[TASK INSTRUCTIONS]: Would you restate the entries below word for word, starting at the first line and ending with the one that has "Traditional Thangka of"?
====== DATASET EXCERPTS ======
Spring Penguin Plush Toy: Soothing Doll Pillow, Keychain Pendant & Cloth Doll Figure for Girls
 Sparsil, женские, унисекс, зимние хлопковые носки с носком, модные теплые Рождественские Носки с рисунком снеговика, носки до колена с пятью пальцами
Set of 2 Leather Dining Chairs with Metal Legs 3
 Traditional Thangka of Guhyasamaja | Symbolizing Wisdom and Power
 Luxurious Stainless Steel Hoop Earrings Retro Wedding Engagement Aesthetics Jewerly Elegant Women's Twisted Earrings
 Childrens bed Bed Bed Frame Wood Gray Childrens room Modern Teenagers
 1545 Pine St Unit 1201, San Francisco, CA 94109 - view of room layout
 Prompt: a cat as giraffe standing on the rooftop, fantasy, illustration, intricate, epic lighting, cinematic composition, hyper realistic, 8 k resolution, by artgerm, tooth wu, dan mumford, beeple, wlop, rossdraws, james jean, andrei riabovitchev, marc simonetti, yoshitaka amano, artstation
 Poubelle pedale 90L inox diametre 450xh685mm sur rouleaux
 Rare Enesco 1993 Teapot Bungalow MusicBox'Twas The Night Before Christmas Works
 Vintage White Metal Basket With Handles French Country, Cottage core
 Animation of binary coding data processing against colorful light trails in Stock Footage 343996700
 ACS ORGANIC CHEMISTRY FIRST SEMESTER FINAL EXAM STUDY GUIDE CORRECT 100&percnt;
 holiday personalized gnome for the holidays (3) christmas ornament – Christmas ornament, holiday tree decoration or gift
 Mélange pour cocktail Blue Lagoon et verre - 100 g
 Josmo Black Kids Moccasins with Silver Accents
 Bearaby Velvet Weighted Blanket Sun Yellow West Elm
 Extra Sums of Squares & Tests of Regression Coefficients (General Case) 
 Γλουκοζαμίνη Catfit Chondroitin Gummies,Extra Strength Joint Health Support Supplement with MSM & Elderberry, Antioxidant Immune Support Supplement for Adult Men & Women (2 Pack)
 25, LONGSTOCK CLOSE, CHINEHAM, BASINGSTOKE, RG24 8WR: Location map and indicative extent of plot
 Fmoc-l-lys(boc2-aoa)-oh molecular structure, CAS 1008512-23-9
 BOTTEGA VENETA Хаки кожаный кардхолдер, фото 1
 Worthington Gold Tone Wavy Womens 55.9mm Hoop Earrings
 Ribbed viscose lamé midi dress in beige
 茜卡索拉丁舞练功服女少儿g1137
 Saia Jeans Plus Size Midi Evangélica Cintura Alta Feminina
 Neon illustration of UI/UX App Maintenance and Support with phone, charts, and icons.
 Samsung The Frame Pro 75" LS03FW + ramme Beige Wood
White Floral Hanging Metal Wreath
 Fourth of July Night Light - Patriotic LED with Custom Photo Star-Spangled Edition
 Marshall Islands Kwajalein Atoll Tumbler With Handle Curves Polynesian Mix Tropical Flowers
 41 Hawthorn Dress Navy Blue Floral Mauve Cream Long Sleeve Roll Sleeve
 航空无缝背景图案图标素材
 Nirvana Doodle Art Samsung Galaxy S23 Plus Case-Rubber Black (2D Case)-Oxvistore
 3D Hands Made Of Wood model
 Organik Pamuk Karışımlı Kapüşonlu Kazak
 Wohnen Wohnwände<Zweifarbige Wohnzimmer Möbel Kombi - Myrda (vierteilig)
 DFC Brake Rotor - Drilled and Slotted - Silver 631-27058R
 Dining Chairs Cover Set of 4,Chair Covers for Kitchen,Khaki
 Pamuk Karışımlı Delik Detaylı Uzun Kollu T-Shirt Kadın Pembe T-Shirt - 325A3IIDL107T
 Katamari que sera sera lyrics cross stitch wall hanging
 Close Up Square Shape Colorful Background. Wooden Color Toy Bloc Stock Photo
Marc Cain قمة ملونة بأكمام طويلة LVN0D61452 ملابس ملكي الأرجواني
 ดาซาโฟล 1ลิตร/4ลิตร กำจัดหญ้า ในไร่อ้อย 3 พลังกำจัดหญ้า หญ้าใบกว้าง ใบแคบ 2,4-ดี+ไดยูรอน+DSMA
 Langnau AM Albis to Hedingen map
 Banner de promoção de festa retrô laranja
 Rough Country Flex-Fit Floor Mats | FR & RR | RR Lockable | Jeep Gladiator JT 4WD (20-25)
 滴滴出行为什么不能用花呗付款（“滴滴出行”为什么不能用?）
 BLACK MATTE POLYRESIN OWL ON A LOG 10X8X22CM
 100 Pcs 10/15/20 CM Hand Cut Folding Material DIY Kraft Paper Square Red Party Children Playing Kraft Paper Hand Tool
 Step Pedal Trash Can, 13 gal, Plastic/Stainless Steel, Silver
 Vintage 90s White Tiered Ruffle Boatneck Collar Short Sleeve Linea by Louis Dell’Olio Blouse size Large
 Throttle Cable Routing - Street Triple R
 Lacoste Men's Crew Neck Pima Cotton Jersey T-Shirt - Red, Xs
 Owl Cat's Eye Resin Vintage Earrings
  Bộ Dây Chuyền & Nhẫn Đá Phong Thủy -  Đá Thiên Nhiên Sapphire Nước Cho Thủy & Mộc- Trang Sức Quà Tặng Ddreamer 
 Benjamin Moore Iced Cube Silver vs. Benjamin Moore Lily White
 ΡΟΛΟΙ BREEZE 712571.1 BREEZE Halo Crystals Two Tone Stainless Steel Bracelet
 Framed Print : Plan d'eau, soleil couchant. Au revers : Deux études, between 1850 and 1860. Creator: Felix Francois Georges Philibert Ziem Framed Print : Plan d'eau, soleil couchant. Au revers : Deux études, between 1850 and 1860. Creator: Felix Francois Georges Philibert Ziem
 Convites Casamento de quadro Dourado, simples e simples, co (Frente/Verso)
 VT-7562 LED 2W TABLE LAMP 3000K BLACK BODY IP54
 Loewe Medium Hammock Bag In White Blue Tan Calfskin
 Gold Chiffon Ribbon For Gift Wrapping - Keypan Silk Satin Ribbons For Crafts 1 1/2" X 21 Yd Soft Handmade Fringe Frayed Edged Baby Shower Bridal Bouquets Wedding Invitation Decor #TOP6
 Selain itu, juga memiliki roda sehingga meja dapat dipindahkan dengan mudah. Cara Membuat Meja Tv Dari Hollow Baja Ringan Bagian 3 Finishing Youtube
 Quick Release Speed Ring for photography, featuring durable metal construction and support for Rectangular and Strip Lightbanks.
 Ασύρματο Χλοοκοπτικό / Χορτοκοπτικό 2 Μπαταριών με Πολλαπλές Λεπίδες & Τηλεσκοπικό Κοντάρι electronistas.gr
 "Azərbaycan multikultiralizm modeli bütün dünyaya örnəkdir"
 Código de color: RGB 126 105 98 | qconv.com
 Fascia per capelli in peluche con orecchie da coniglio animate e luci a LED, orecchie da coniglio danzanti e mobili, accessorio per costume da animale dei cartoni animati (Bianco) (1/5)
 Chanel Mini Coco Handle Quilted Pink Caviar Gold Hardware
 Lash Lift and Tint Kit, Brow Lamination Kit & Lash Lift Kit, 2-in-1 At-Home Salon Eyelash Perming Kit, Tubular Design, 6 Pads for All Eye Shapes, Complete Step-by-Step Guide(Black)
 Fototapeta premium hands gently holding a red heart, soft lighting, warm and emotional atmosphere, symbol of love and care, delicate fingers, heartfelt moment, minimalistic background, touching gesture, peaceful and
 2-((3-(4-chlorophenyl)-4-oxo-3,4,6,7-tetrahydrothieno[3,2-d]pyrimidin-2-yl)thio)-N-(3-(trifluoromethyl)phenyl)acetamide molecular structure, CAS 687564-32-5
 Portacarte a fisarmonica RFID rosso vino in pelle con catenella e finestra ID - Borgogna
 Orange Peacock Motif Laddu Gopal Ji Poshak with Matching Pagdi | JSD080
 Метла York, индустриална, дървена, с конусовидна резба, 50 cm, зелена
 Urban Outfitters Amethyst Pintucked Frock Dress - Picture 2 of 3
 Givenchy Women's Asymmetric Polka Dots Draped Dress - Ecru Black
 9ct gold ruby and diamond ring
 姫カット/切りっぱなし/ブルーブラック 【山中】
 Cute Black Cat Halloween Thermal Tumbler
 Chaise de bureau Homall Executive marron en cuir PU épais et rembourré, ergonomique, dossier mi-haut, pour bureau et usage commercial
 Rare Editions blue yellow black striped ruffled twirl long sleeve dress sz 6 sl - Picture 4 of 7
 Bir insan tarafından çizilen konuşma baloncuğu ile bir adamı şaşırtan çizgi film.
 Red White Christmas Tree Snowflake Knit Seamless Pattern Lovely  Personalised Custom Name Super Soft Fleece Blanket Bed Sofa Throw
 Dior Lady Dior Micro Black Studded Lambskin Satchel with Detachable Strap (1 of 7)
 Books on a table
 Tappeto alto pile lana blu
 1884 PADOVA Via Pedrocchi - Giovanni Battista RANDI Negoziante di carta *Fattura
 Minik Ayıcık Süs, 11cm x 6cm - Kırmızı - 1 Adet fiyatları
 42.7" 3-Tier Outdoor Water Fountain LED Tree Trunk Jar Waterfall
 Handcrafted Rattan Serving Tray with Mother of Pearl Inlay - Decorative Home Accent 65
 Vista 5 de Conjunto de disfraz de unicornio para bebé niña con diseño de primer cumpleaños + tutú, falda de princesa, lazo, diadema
======
[RESPONSE TO THIS EXERCISE]:
Spring Penguin Plush Toy: Soothing Doll Pillow, Keychain Pendant & Cloth Doll Figure for Girls
 Sparsil, женские, унисекс, зимние хлопковые носки с носком, модные теплые Рождественские Носки с рисунком снеговика, носки до колена с пятью пальцами
Set of 2 Leather Dining Chairs with Metal Legs 3
 Traditional Thangka of Guhyasamaja | Symbolizing Wisdom and Power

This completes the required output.